[COLLECTED DATA]:
****************

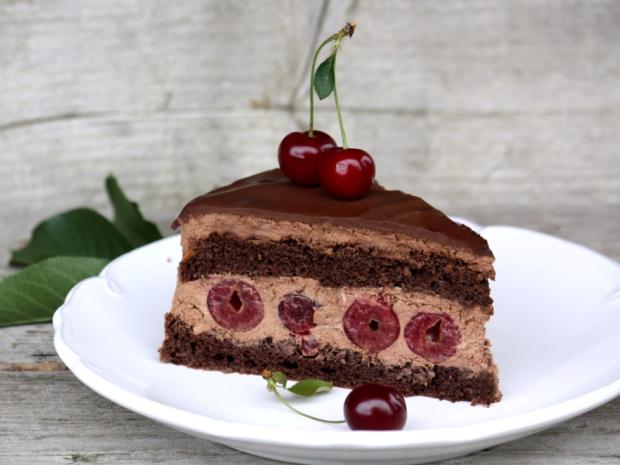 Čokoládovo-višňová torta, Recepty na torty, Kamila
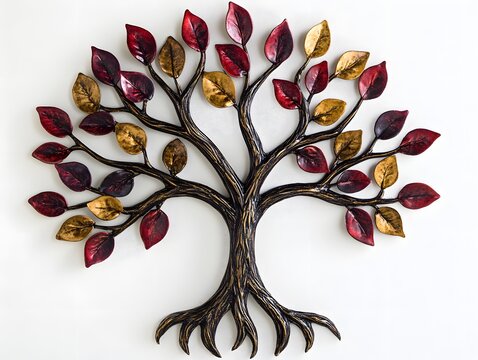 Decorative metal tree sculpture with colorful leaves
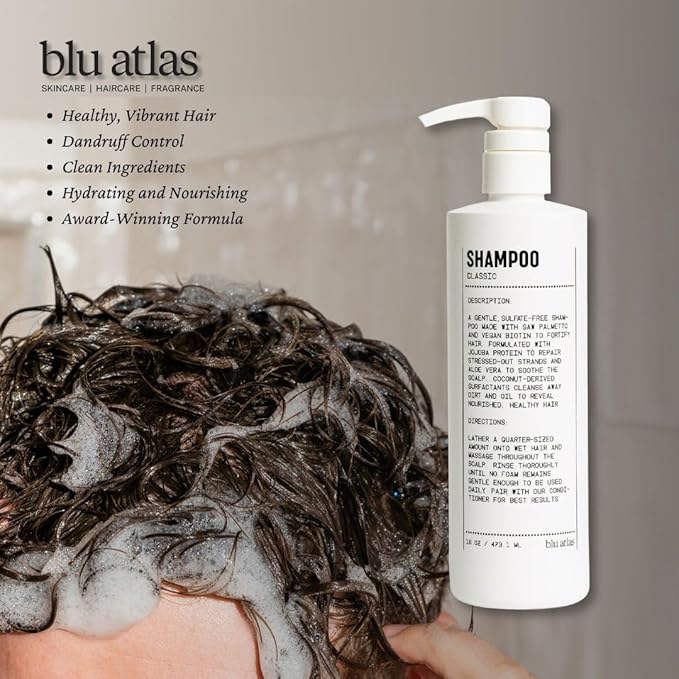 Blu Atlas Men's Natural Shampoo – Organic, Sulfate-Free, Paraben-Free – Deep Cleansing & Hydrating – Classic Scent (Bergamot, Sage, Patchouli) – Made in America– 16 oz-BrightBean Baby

****************

Find the line with "Decorative metal tree" in the listing and extract it and all lines after it through the end, exactly, without the pictures.

[ANSWER FOR THIS EXERCISE]:
 Decorative metal tree sculpture with colorful leaves
 Blu Atlas Men's Natural Shampoo – Organic, Sulfate-Free, Paraben-Free – Deep Cleansing & Hydrating – Classic Scent (Bergamot, Sage, Patchouli) – Made in America– 16 oz-BrightBean Baby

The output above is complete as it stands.